Just 19 days after Johnson returned to the Lakers in an executive role, Jeanie Buss promoted the Hall of Fame point guard to have the final say on basketball decisions. Johnson is the Lakers' new president of basketball operations, reporting directly to Jeanie Buss, although the team also plans to hire a new general manager.
"I took these actions today to achieve one goal: Everyone associated with the Lakers will now be pulling in the same direction, the direction established by Earvin and myself," Jeanie Buss said in a statement. "We are determined to get back to competing to win NBA championships again."
Jeanie Buss made the extraordinary moves two days before the trade deadline. The Lakers have the NBA's third-worst record at 19-39 this season, plummeting out of contention after an encouraging 10-10 start under new coach Luke Walton, who got a strong vote of confidence.

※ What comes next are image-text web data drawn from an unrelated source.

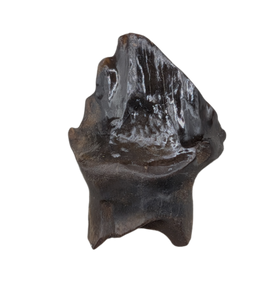 Huge Denversaurus Tooth from the Hell Creek Formation
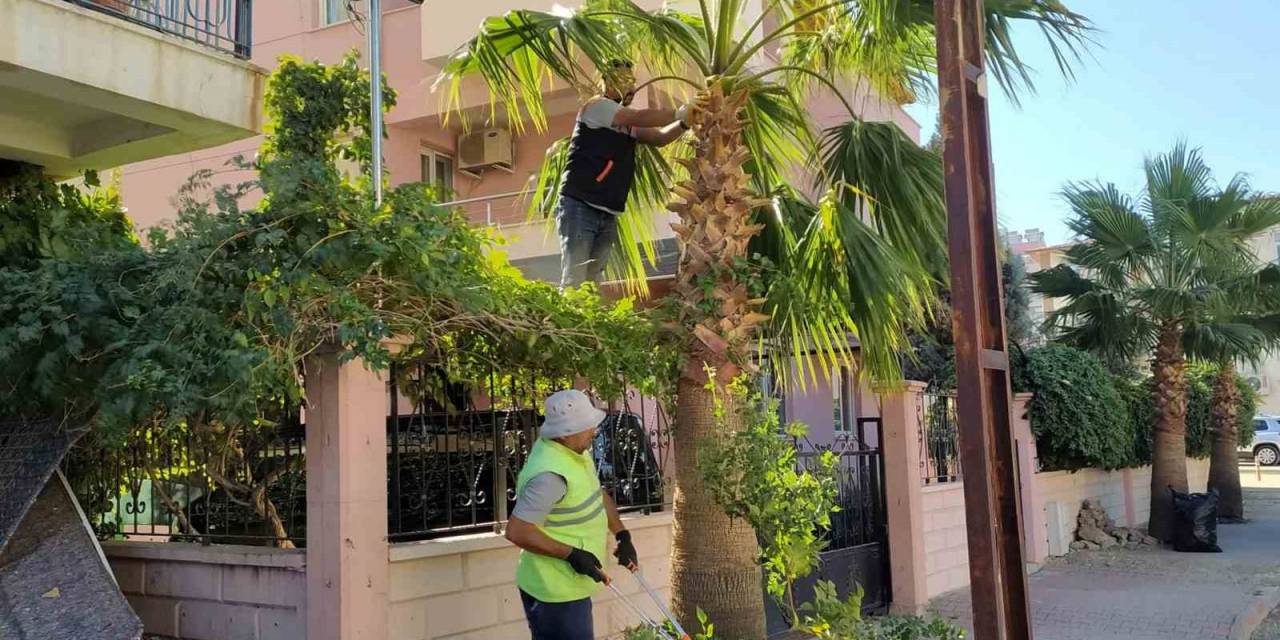 Mut’ta Park Ve Bahçelerin Kışlık Bakımı Devam Ediyor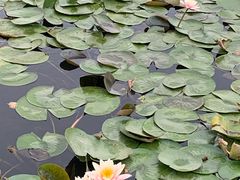 -尚贤河湿地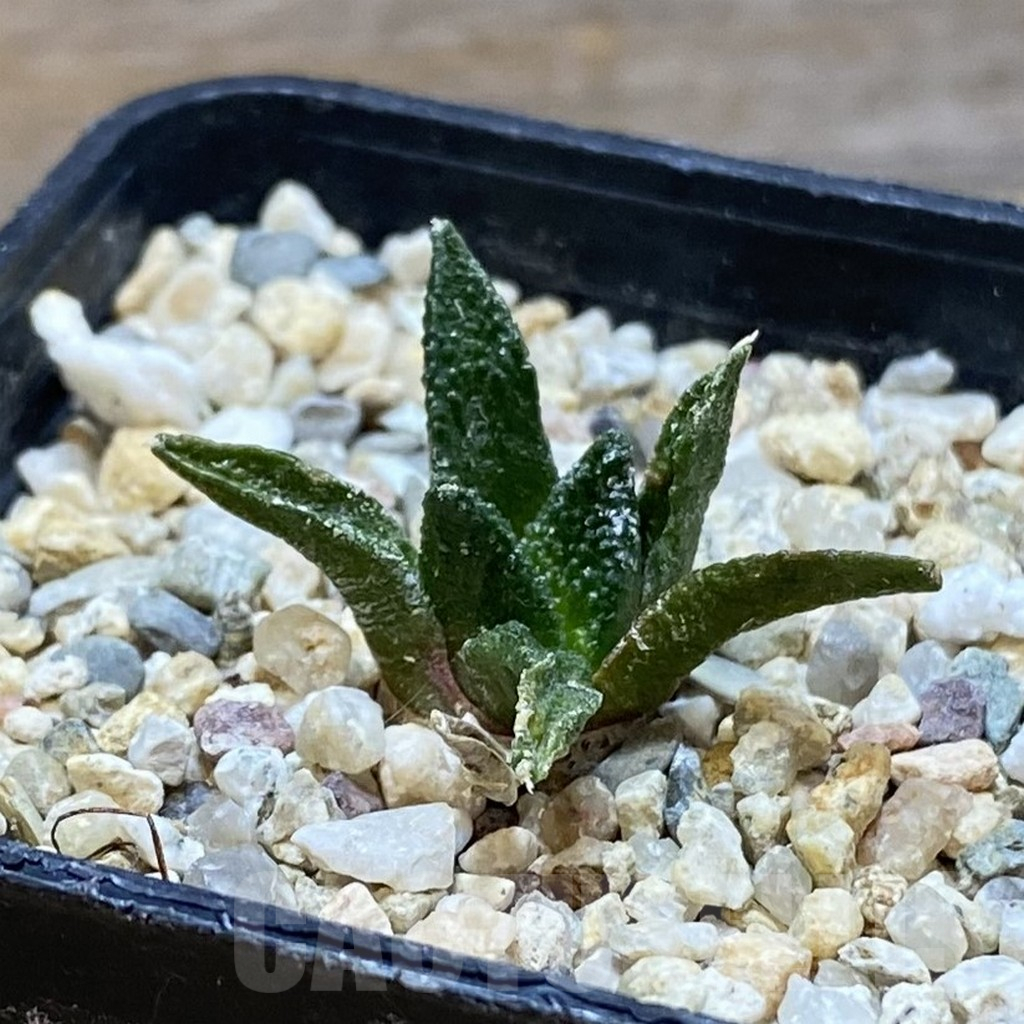SH12623 Ariocarpus scapharostrus - immagine 2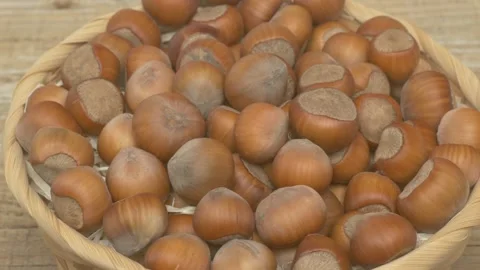 Discover Fresh Hazelnuts Collected in a Basket, Ideal for Various Culinary Uses 스톡 동영상 286208802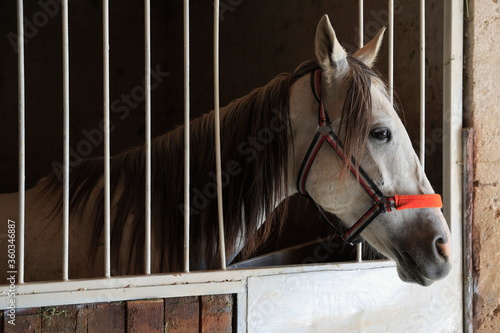 Fototapeta Naklejka Na Ścianę i Meble -  A horse at a horse farm, caring from the barn window.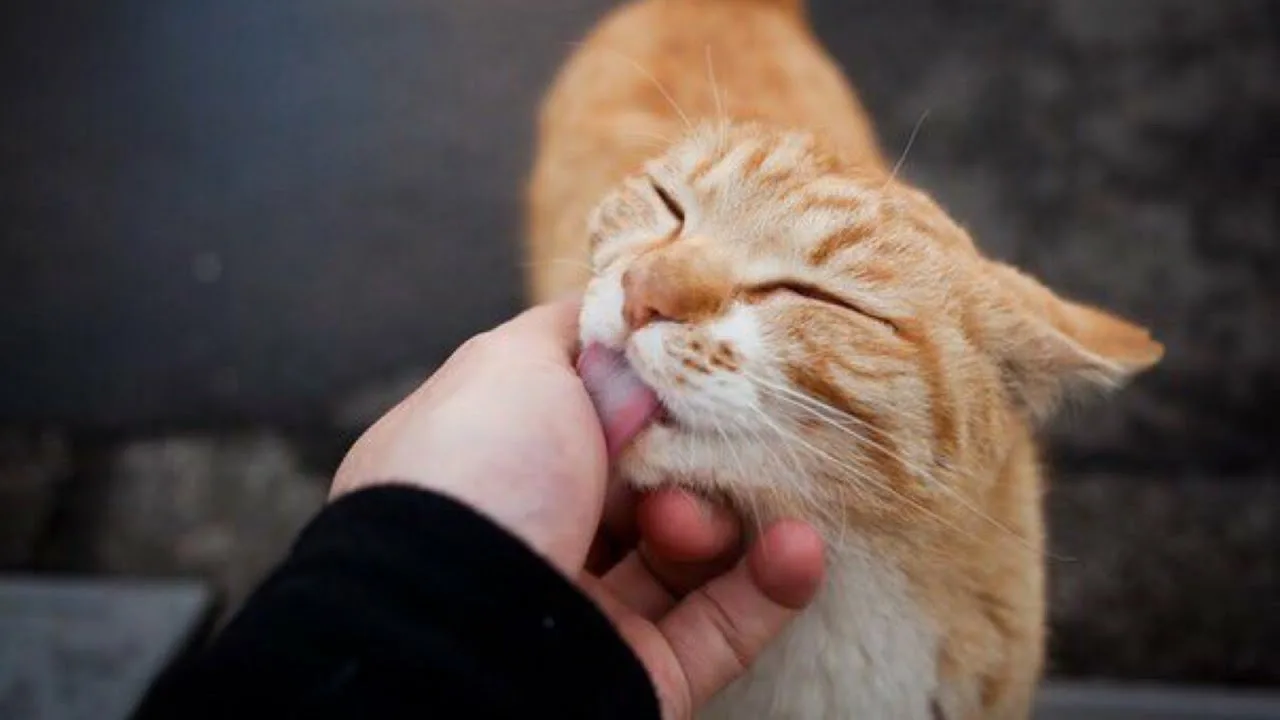 Miksi kissat hierovat itseään ihmisiin: mitä se tarkoittaa ja milloin se on varoitusmerkki.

Jeanie Buss said she "took a series of actions I believe will return the Lakers to the heights Dr. Jerry Buss demanded and our fans rightly expect. Our search for a new general manager to work with Earvin and coach Luke Walton is well underway, and we hope to announce a new general manager in short order. Together, Earvin, Luke and our new general manager will establish the foundation for the next generation of Los Angeles Lakers greatness."
Kupchak had been the Lakers' GM since 2000, studying under Jerry West and eventually succeeding him. Kupchak had been in the Lakers' front office for 30 years, including the last 17 as general manager — the longest current stretch running a front office in the NBA.

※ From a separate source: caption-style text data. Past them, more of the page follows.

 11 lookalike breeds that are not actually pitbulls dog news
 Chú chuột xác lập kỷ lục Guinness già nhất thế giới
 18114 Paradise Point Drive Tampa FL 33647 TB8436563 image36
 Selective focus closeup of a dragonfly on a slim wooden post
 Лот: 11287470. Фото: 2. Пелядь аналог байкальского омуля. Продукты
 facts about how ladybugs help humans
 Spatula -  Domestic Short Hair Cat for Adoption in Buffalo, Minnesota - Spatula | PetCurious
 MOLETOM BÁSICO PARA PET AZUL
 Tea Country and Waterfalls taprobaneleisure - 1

Jim Buss had been in the Lakers' front office for 19 years, including 12 in charge of basketball operations alongside Kupchak. The former horse trainer had final say on basketball decisions in recent years.

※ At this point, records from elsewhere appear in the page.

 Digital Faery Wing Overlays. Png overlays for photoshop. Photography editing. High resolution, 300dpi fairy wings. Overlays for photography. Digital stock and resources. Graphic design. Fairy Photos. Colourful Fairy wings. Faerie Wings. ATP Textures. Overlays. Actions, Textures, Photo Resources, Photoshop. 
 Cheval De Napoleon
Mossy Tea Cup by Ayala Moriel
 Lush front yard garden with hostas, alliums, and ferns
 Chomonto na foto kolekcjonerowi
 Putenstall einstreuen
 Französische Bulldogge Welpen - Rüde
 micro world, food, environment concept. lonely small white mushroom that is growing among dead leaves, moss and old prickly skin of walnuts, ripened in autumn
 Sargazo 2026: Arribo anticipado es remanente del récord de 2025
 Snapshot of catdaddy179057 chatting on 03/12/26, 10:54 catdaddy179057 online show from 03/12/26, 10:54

But the Lakers have steadily declined from the heights of back-to-back championships in 2009 and 2010. They are mired in the worst four-year stretch in franchise history, missing the playoffs in three consecutive years with their three worst records ever.
After an extraordinary trade for Pau Gasol propelled the Lakers to three straight NBA Finals appearances, Kupchak and Jim Buss made a series of high-profile personnel moves that didn't pan out.
They made a pricey trade for Dwight Howard, who fled the franchise after one year, and another deal for Steve Nash, who barely played thanks to back woes. The Lakers are still feeling the effects of that deal, which will cost them their first-round pick this summer if it isn't in the top three.
The Lakers finished 17-65 last season, a franchise low in the last year of Kobe Bryant's two-decade run with the franchise.
Johnson's return made Jim Buss' departure seem quite likely, particularly given Jim Buss' vow several years ago to leave the franchise if they weren't in contention for a Western Conference title by this year or next.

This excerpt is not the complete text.